John Kenneth Galbraith served in the Kennedy administration before becoming one of the twentieth century’s foremost economists and public intellectuals. In A Tenured Professor, he spins his wealth of knowledge—and knowledge of wealth—into a delightfully comical morality tale.
Montgomery Martin, a Harvard economics professor, creates a stock forecasting model which makes it possible for him to uncover society's hidden agendas. Seeking proof that human folly has no limit when motivated by greed, Martin sets off a mass hysteria that causes investors to believe—despite the lessons of history and physics—that up is the only direction.
PUBLISHERS WEEKLY
Twenty years have elapsed since the celebrated Harvard economist's last novel ( The Triumph ) but this succinct parable for our times, a rare comedy of point and precision, is well worth the wait. Harvard professor Montgomery Marvin, a clever, mild-mannered economist whose Ph.D thesis examined arcane aspects of refrigerator pricing, devises an approach to economics that he calls the Index of Irrational Expectations, based on the all-too-apparent notion that there is no limit to human folly when greed is the driving force. Buying stocks of irrationally inflated companies short, selling while the price is still high and replacing them cheap when the inevitable decline comes, Marvin and wife Marjie soon amass a fortune.
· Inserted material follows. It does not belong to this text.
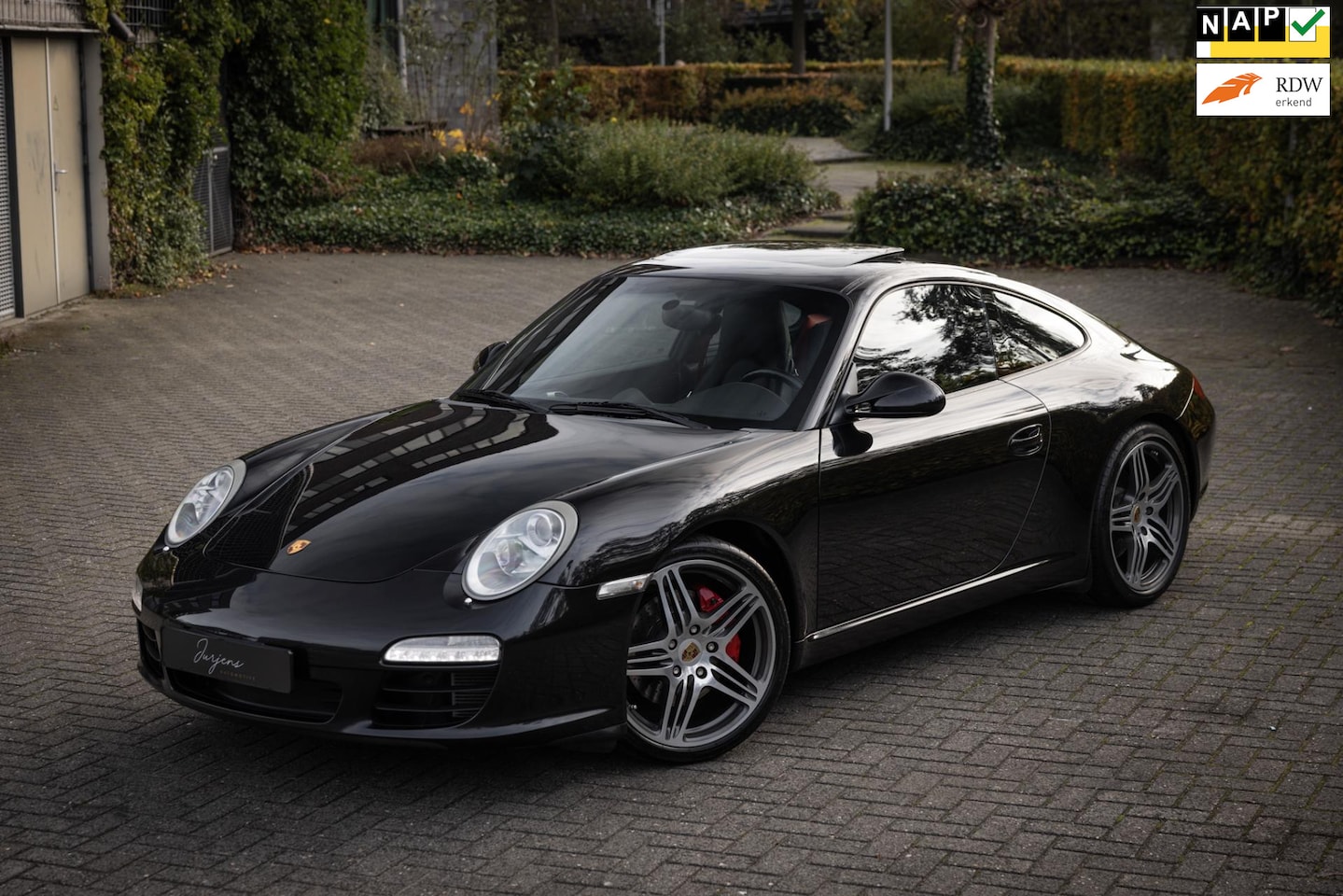 Porsche 911 - (997.2) 3.8 Carrera S PDK (385pk) MK2 - AutoWereld.nl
Liberals at heart, they spend the money by endowing peace professorships at military schools and establishing countervailing PACs--money to support candidates for office opposing those helped by wealthy lobbyists. Only when they buy a major arms manufacturer and turn its efforts to peaceful purposes does the sacred defense establishment turn on them. This rueful tale is embellished with countless delightful asides on matters as various as Harvard academic manners and the proper behavior before Congressional committees.